A Measure-Valued Obstacle Problem for an Obliquely Reflected Diffusion with a Max-Type Payoff
Pith reviewed 2026-06-26 19:58 UTC · model grok-4.3
The pith
Any admissible epigraph candidate satisfying contact, strict continuation, reflected Neumann compatibility, growth, trace condition, and measure-superharmonicity coincides with the value function of the reflected optimal stopping problem.
A machine-rendered reading of the paper's core claim, the machinery that carries it, and where it could break.
Core claim
The value function equals any admissible epigraph candidate that satisfies contact, strict continuation, reflected Neumann compatibility, growth, the trace condition, and measure-superharmonicity; its first entry time into the stopping set is optimal.
What carries the argument
The total signed stopping measure Gtot that assembles the absolutely continuous stopping gain, the singular surface measure generated by the kink of G, and the boundary local-time contributions from oblique reflection.
If this is right
- The first entry time into the epigraph stopping set is optimal.

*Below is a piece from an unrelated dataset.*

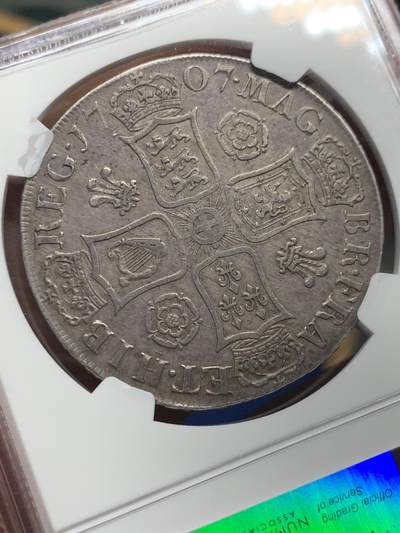 《竞宝斋》第420场 周日，周一，周二  3场连拍 （全场包邮） NGC AU53 英国1707安妮女王克朗银币，联合王国成立前关门克朗，背面为盾徽羽毛和玫瑰，安妮克朗外拍涨势迅猛。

- The value function admits a killed-resolvent representation inside the continuation region.
- The free boundary is characterized by a continuation-side trace condition on the killed potential.
- The unrestricted reflected resolvent cannot be used because the process is not absorbed upon hitting the stopping set.
Where Pith is reading between the lines
- The measure-valued formulation may apply to other payoffs whose kinks produce surface measures under reflection.
- Numerical approximation of the stopping set could be attempted by enforcing measure-superharmonicity on candidate epigraphs.
- Similar singular-measure techniques might handle kinks in payoffs for other classes of reflected processes.
Load-bearing premise
The vertical monotonicity hypothesis on V minus G is needed to prove that the stopping set has epigraph form.
What would settle it
An explicit epigraph function that meets contact, strict continuation, reflected Neumann compatibility, growth, the trace condition, and measure-superharmonicity yet whose first entry time fails to achieve the value of the stopping problem.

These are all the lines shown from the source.